Q&A with Alan Miller

Engineering Manager & Product Manager with BIG KAISER Precision Tooling Inc.


What’s a typical day like for you at BIG KAISER?

As the engineering manager, I help guide the engineering department. I’m also hands-on as we do a lot of application support. Whether that’s traveling around the country to visit customers or provide support over the phone, our goal is to make sure our tools work out in the field.

What does BIG KAISER do for the gear manufacturing industry?

BIG KAISER is a combination of things. We have many types of tool holders and get into special arbors and things for the gear-manufacturing industry. We have angle heads, which are used a lot to cut internal keyways or splines.

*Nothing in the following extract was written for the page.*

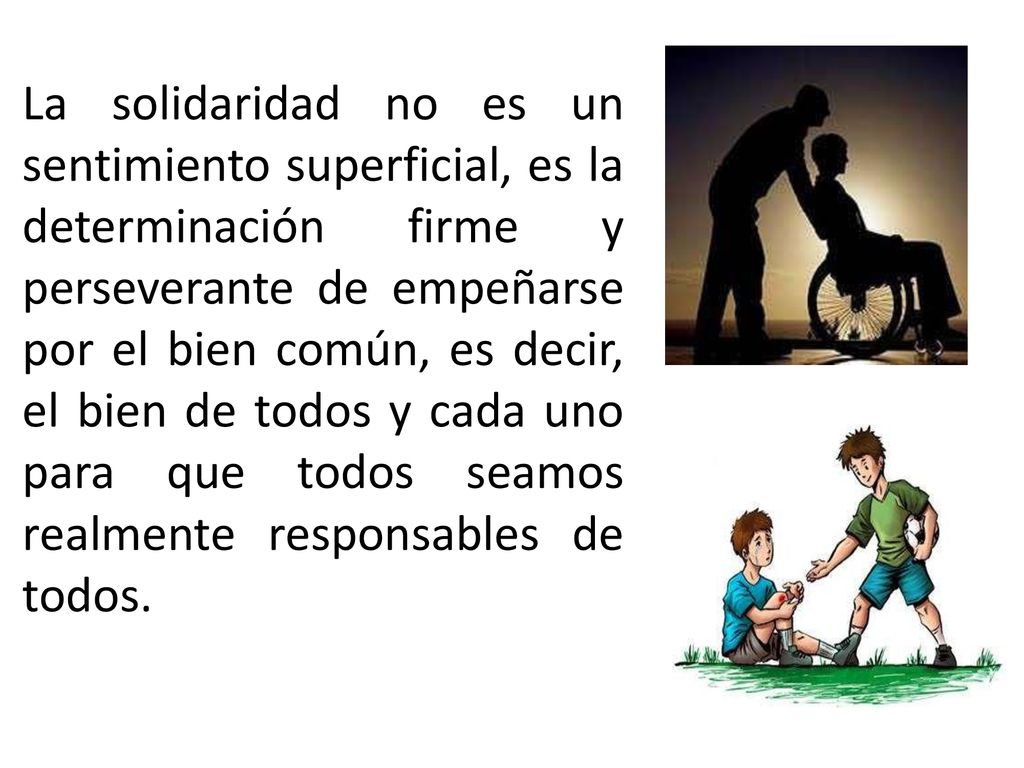 La solidaridad no es un sentimiento superficial, es la determinación firme y perseverante de empeñarse por el bien común, es decir, el bien de todos y cada uno para que todos seamos realmente responsables de todos.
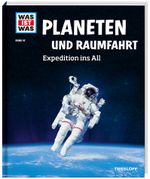 WAS IST WAS Band 16 Planeten und Raumfahrt. Expedition ins All Cover des Buches WAS IST WAS Band 16 Planeten und Raumfahrt. Expedition ins All (ISBN: 9783788620387)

We also have boring tools, and while they’re not used a whole lot in the gear-manufacturing industry, the need for boring tools arises from time to time.

You’ve recently enhanced your online access to BIG KAISER’s 2D and 3D tooling data. What was the reason for that?

Our customers are requesting 2D and 3D data on a daily basis, and we’ve added the data to our website to make their jobs easier. 

The industry has gone through a transformation. When I first started 20 years ago, we were working on 2D applications; 3D was just emerging. To see the industry progress to where you can do all the simulations and verifications before you even attempt to run a part really requires a lot of digital data that wasn’t necessarily fully available or interchangeable.

The hardest thing was always getting a file from a company. When you finally got the files and brought them together, you had to reconcile layers and how things were put together in each metric, among other challenges, before you had data you could use.

Using the DXF standard allows customers to combine products from multiple companies with unified layer structures and eliminates some of those challenges. Now, multiple files from multiple vendors should work interchangeably with each other. You don’t have to do all that translation on your own.

How will this enhancement further aid your clients and customers?

Getting consistent file formats will ease or eliminate some of the responsibility for the operator. The files also are being used by most of the CAD/CAM systems out there. Whether using tool management software such as our own Intelligo for our tool presetters or TDM; verification software such as Vericut; or CAD/CAM software such as Mastercam, ISPRE, or one of the other systems, the same file can be used across all platforms interchangeably. You’re working from the same dataset in your CAD program and your verification software. It really makes things a lot simpler.

Could you give an example of how this worked for one of your customers?

I find that just about every one of our customers these days is using these files in their planning or in their CAD systems, their verification systems, and their programming systems. It’s giving them that availability to integrate our products into it. Pretty much everyone is using this type of technology, and it’s getting to a point where it’s easier to use now that there’s a standard.

You mentioned that growing standard, could you go into more detail about what that means?

There was an ISO standard developed that gives you a template to follow to be able to exchange data with all these different systems. Part of that was with the DXF files, which define everything about the layer structure — from names and colors to line weights — so when you put multiple components together, they’re on the same layer system and match up exactly. It’s very easy to take single components and turn them into a full assembly.

They also include layers for the cut and no-cut boundaries, specifically for verification software. So, I’d be able to generate a profile of what will be happening if that tool holder is spinning. The second part of it is into the 3D graphics. There’s the 2D, but the standard also covers 3D step files to take them directly into verification software without having to translate it in any way. And then the third part is that the data file helps the software identify what it is and gives it specific information such as what type of tool and some of the dimensions in a data file. Within those three parts, they should have enough information to use it in a variety of software applications.

Can you give an idea of how much time is saved with these standards in play now?

It’s going to be hard to put a number on it. Preparing data for input into your own system was a large investment in time and manpower. Just a simple step of getting most of the files on the same layer setting eliminates that entire job or most of that job, instead of changing layers and copying and pasting. The data manipulation part of it is a huge time savings.

What does BIG KAISER hope to achieve by transitioning to this drawing standard?

We hope to give the customers the tools to be able to implement our products as this industry progresses into Industry 4.0. If you don’t have digital documents available for your customers, the customers are going to go somewhere else. Staying on top of the latest trends and giving customers the tools they need to effectively do their job is a motivating factor for us.